Software Development
Baltimore Innovation Week

Videology’s SVP of Engineering asks: ‘How much pain does your dev team cause?’

During Baltimore Innovation Week, Anand Natrajan spoke of how to create a culture where engineering teams produce both high velocity and high quality work.

Can your dev team have both high velocity and high quality? (Presentation screenshot)
Full Disclosure: Technical.ly organizes Baltimore Innovation Week, during which this event took place. The event was sponsored, in part, by Videology, though that is unrelated to this report.
To make a great software business, you must find that “special happy place” when the engineering and sales teams are in sync.

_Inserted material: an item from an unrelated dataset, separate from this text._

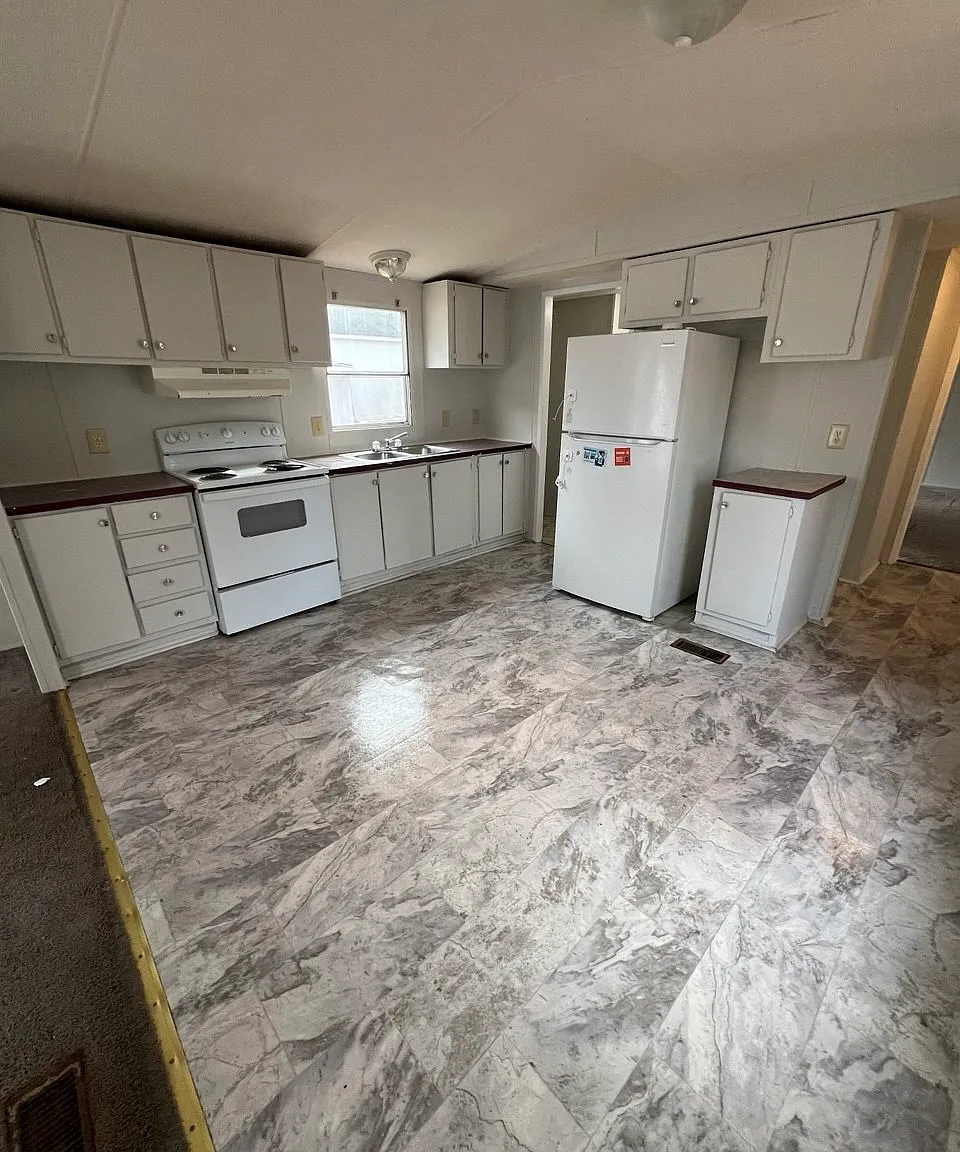 705 Gun Club Road - 3 — Photo 3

“You want your developers on a product cycle, not solving business critical issues,” said Anand Natrajan, a head of engineering for Videology, the McHenry Row-based adtech company that is among Baltimore’s vaunted Ad.com diaspora.
Cultivating that kind of team environment becomes self-fulfilling: great dev teams celebrate high quality, which they do at greater velocity when it becomes a point of proactive pride, not a response to broken systems, said Natrajan, a personable four-year veteran of the company. He was among a dozen highlighted speakers at the Baltimore Innovation Week Presented by 14 West Dev Talks, an afternoon of case studies from prominent Baltimore engineers. Held at Motor House on North Avenue, the event was presented by Natrajan’s firm Videology and cybersecurity powerhouse Tenable Network Security.
To track success in building out that product cycle, Videology follows a host of key metrics. From 2015 to projections through the end of 2016, their team has cut the number of high-urgency incidents they’ve had to handle by half and so their product releases have jumped by 74 percent, he said.
It’s easy to see why. In July 2015, the Videology team spent 3,200 hours on fixes, the equivalent of 20 full-time people. This July, that total was 1,400 hours, or fewer than nine people, he said.
The question of how is trickier, of course. Natrajan noted it’s largely a question of culture: the dev team has to understand that its role is to support the overall business.
“How much pain does your engineering team cause?” he said.
That culture comes with keeping a dev team happy (more about work-life balance than keg parties, he said), expecting excellence and, yes, tracking thoroughly what your team is working on.